No ingredients picture this time, but this is what you’ll need for the baklava (stay tuned for the syrup!):

  • 1 lb (4 cups) walnuts, finely chopped
  • 1/3 cup sugar
  • 1 tsp ground cinnamon
  • 1/2 tsp ground cloves
  • 1 lb phyllo dough, thawed (should just be one package of phyllo dough)
  • 1 cup butter, melted
Mix together chopped walnuts, sugar, cinnamon, cloves, and any other nuts or spices you’d like. Set aside.

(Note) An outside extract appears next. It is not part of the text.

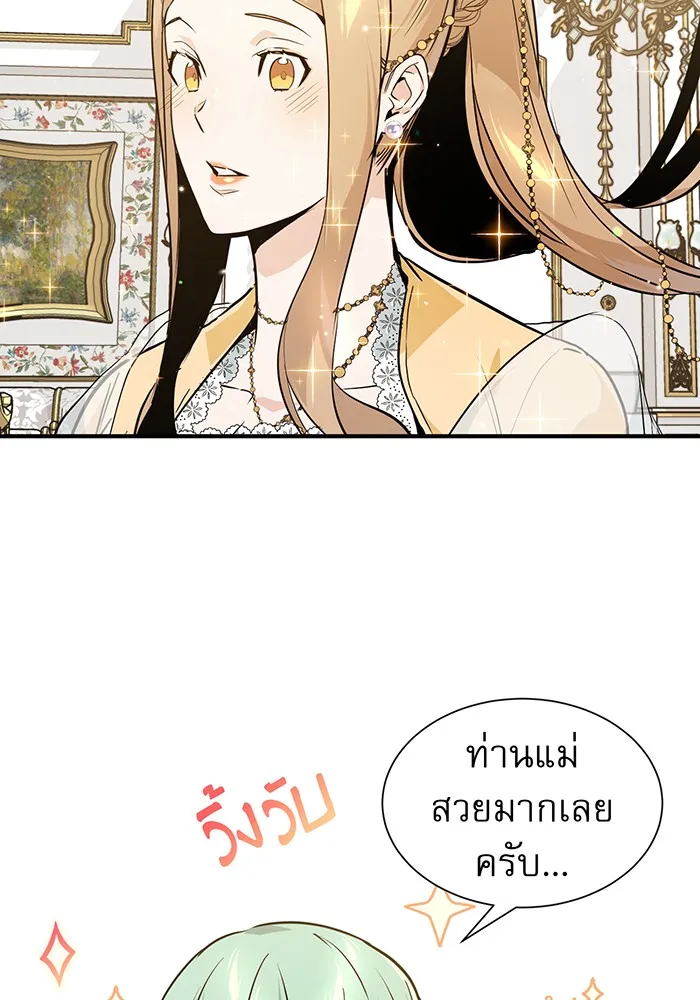 The Dark Magician Transmigrates After 66666 Years – จอมเวทเกิดใหม่ในรอบ 66666 ปี Chap 8 - Next Chap 9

Unroll the phyllo dough veeery carefully onto a baking sheet lined with parchment paper. Stack eight sheets of phyllo dough one on top of the other, brushing butter on top of each sheet. After the first eight sheets, spread a thin layer of the nut mixture. Continue to layer the three components in this order: dough, butter, dough, butter, nuts (it’s totally ok if you don’t do this exactly, but you should stay somewhat in the vicinity of two sheets of phyllo dough per layer of nuts).

That stuff that looks like paper? That’s raw phyllo dough.

When you reach the end of your phyllo dough, stack eight layers (with butter in between each layer). Finish with more butter and a sprinkle of spices.

Refrigerate your baklava until the butter is cold and set, 15-30 minutes. This will make it easier to slice. Preheat oven to 350 degrees. Using a sharp knife, slice the baklava into diamond shapes by cutting horizontally across the pan and then cutting diagonally in one direction (or cut it into squares or triangles or hearts or whatever). Bake for 30-35 minutes, until edges are brown.

YUM. Ok ok ok. Resist the urge to munch on one of these straight out of the oven. It will taste better with syrup. I promise.

Let the baklava cool and start on the syrup. The ingredients:

  • 1 cup water
  • 1 cup sugar
  • 1/2 cup honey
  • 2 tbsp lemon juice
  • 2 cinnamon sticks
  • 1/4 cup orange juice (optional)
  • vanilla extract (optional)
  • 1 long strip of orange peel (optional)
Combine all ingredients in saucepan over high heat. Once it boils, reduce heat until mixture comes to a simmer. Let simmer for 7-10 minutes, or until mixture thickens. Pour the hot mixture over the baklava.
Now, when it comes to syrup, I have to say I stayed toward the conservative side. After all, I didn’t want this already sugary confection to be weighed down with gobs of sticky syrup. As it turns out, there was no need! Adding water to the syrup already dilutes it and makes it lighter, so use as much as you want!

And there you have it. Messy, flaky, sticky, delicious baklava.